During periods of peak positive social mood, fashion is dominated by bright colors, flamboyant and even skimpy attire. Few fashion trends capture as much of those traits as Crocs footwear. However, unfortunately for Crocs, the race is now on to see if they can shift gears and survive long enough to catch up to the transition in social mood.
A transition to a negative social mood will entail a shift away from bright colors in fashion, more austere color schemes and even anti-fashion.
Film/Media
Look for 2009 to be a dark, apocalyptic year for films. Because films take time to greenlight and produce they can provide stark evidence of social mood appetites. It is no accident that Will Smith's "I Am Legend," a remake of the dark apocalyptic Charlton Heston film, "The Omega Man," appeared just as the subprime debacle and credit crisis began unfolding,
Coming up in 2009 are two even darker films, "2012" about the end of the world, and "The Road," based on Cormac McCarthy's grim, post-apocalyptic book of the same name. From the increasing popularity and intensity of torture-related horror films to content featuring cynical, dark and brooding themes, the shift in social mood has created a larger appetite for media reflecting underlying negative trends.

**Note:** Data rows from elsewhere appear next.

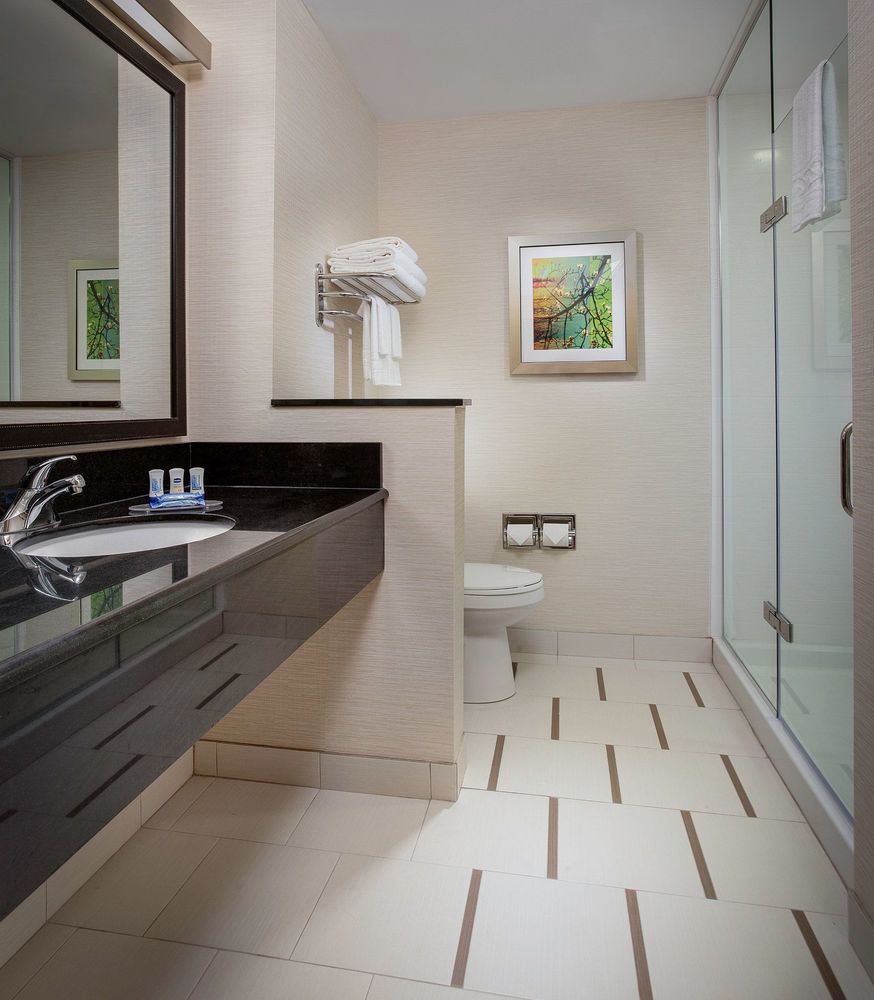 Fairfield Inn & Suites By Marriott Albuquerque Airport Buitenkant foto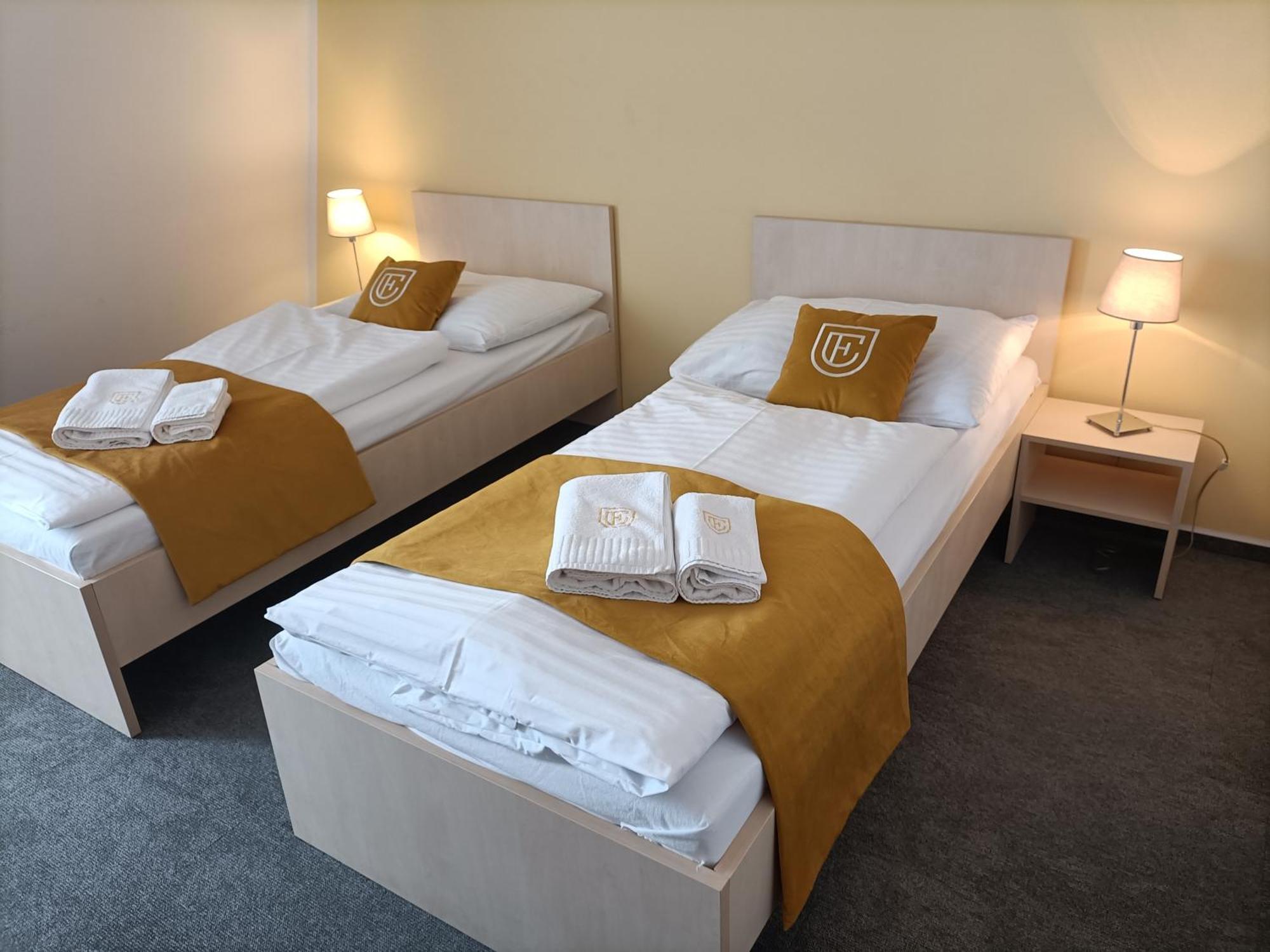 Hotel Eminent Stupava Zewnętrze zdjęcie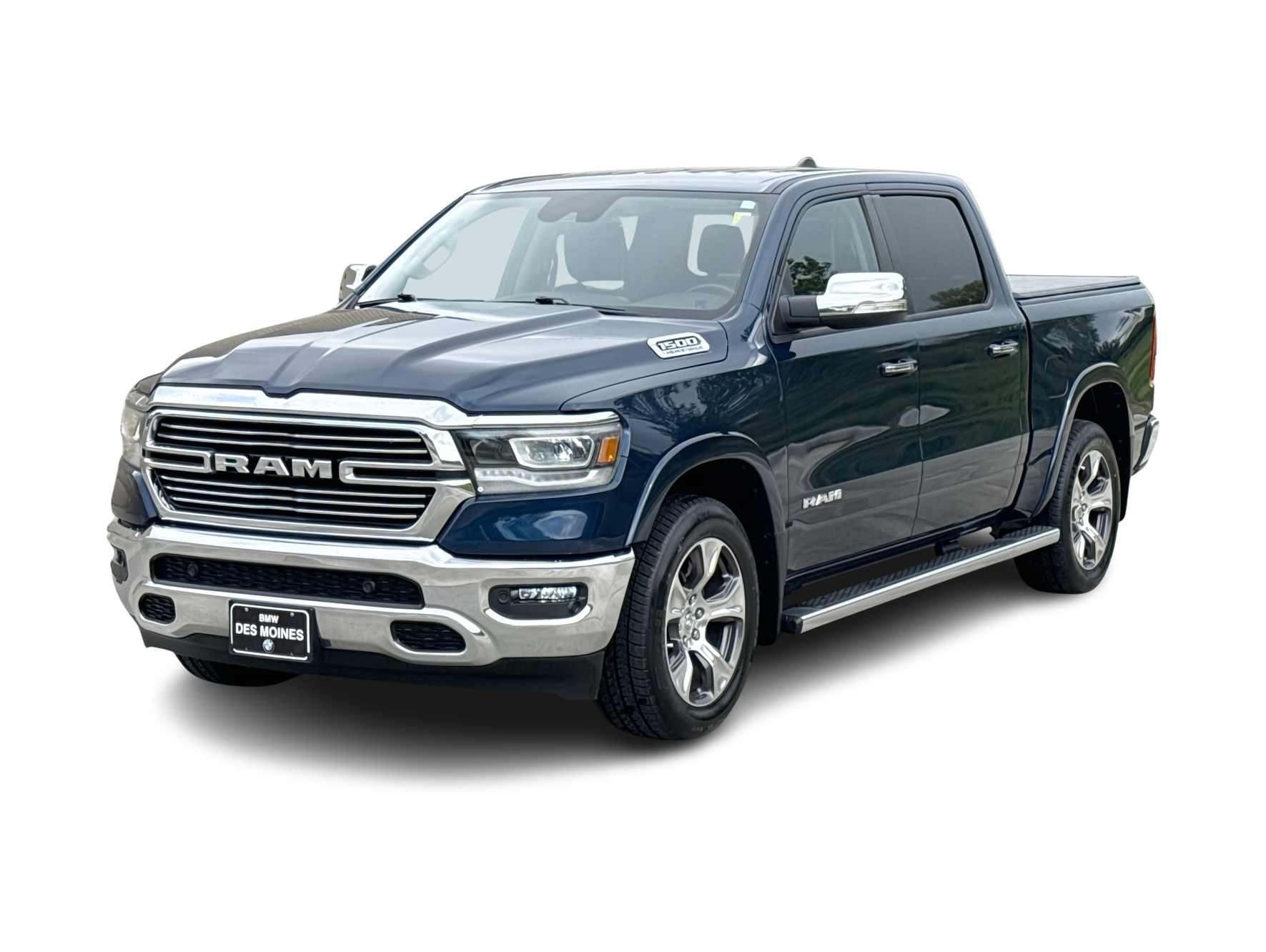 Thumbnail: 2022 RAM 1500 - 1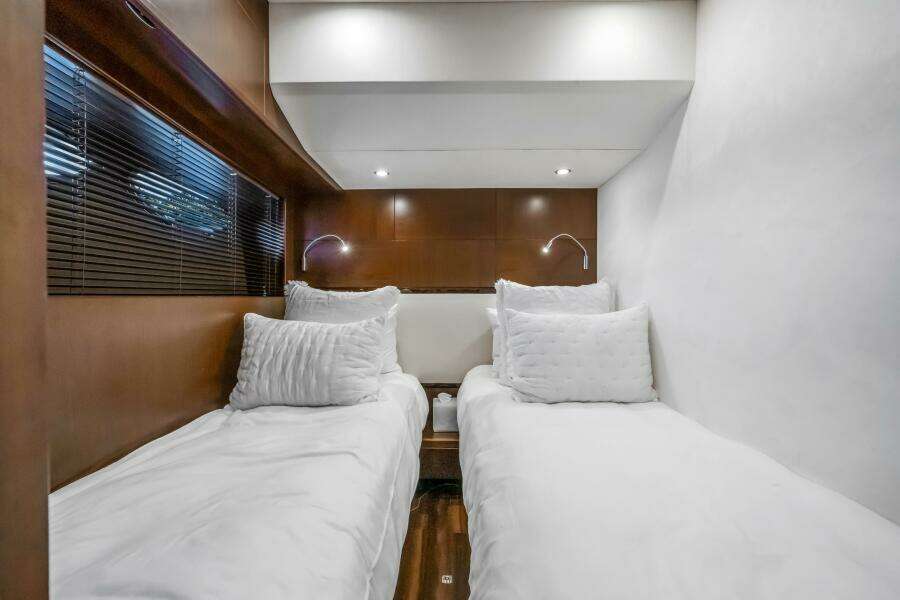 AQUAVITA 64ft Princess Yacht For Sale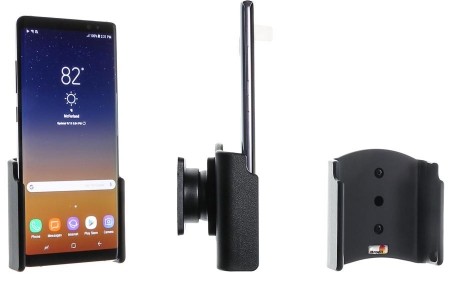 Passiv hållare till Samsung Galaxy Note 8 ryhmässä Autohifi / Älypuhelin autossa / Älypuhelimen pidikkeet @ BRL Electronics (240511999)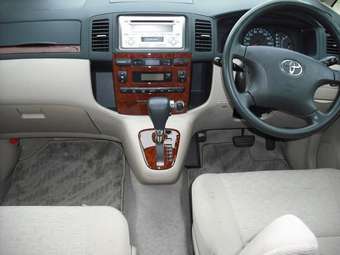 Corolla Spacio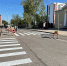 В Коммунаре продолжаются работы на городских дорогах - Гатчинская служба новостей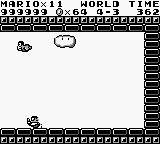 Super Mario Land -  - User Screenshot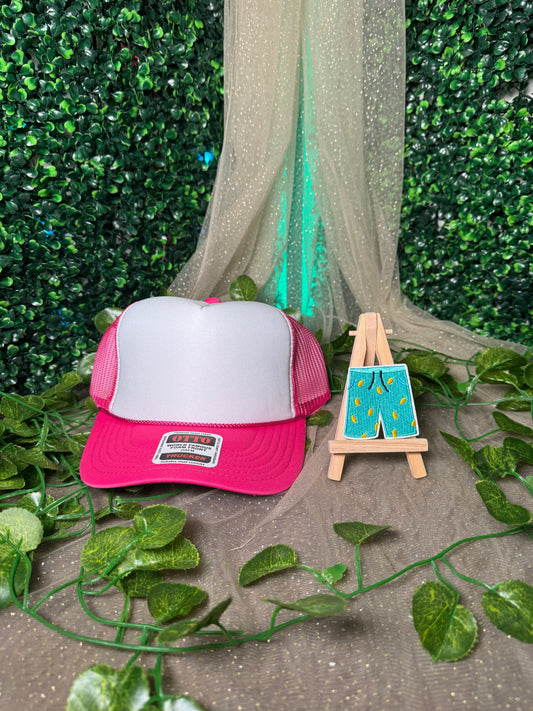 Swim Trunks Hat Patch Wholesale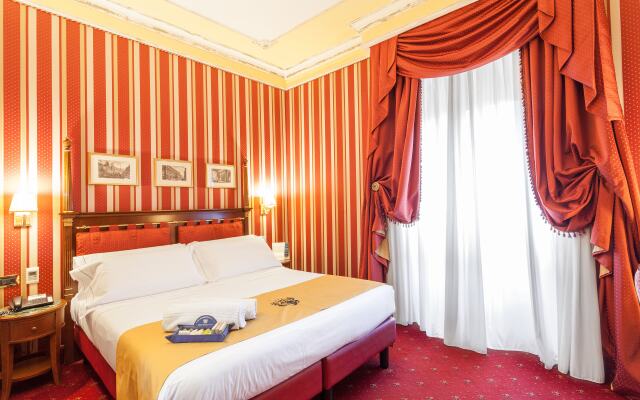 Hotel Manfredi Suite in Rome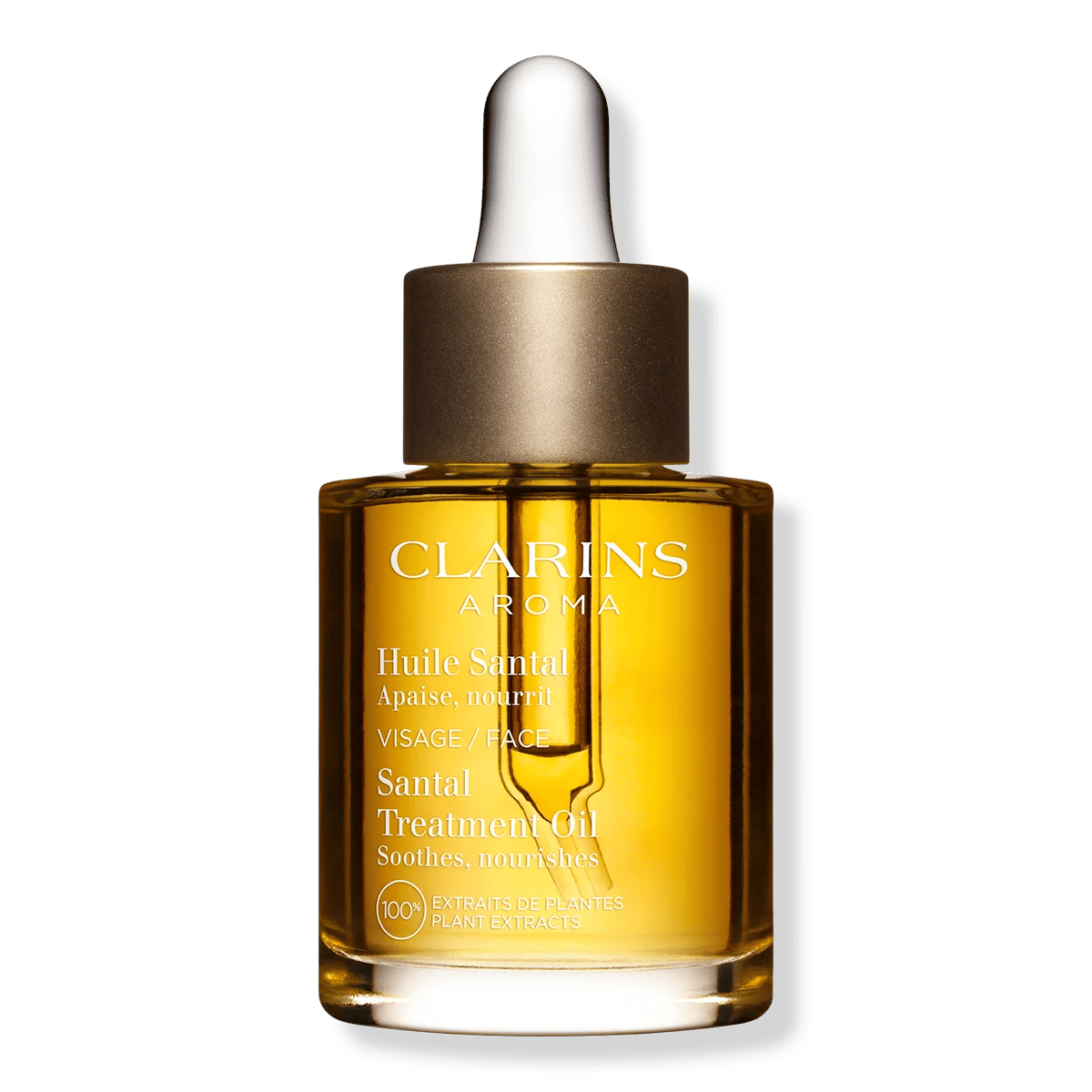 Santal Soothing & Hydrating Face Treatment Oil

Food/Beverages and Consumables
Forbes called it "Bottlemania." BusinessWeek recently thrust the issue into it's so-called "Debate Room,": "Bottled Water IS a Big Drain, Pro or Con?" New York City Mayor Michael Bloomberg intends to co-sponsor a resolution to prohibit city spending on bottled water. Meanwhile, Americans drank more than 30,000,000,000 bottles of single-serve water last year. What's going on here? After all, the bottled water industry is, technically, 30 years old. Suddenly, bottled water is a ripoff? A waste? Or worse, dangerous? What changed?
One thing. Social mood.
Make no mistake, there is nothing wrong with tap water, and there never has been. As the BusinessWeek article points out, we pay up to 4,000 times more for bottled water than tap water, and more than three times what we pay for gasoline; all this for water that is far less regulated and which frequently tests worse than tap water in both taste and purity. Pepsi's (PEP) Aquafina label bottled water is actually tap water. So is Coca-Cola's (KO) Dasani bottled water.
So why do we suddenly care now? Simple, as social mood continues to darken and turn against symbols of excessive wealth and consumption, the former icons of bull market glee and prosperity begin to tarnish in the public eye.
There is absolutely nothing wrong with bottled water other than its cost over tap water. For 30 years it's been fine to pay for the convenience and fashionable appearance of water in a bottle. Now, however, it's something to rail against as mood shifts. Social mood will seek to portray this as a war against waste and excessive cost, but it's actually grounded in the psychological need to vilify the old signs of overconsumption in order to accept the reality of cutting back. The acceptance of that reality is easier if we are able to manufacture something "wrong" with that which is just beyond our economic reach.
So sit back with a tall glass of refreshing tap water and enjoy the rush to disassociate from yet another fading idol of the bull market.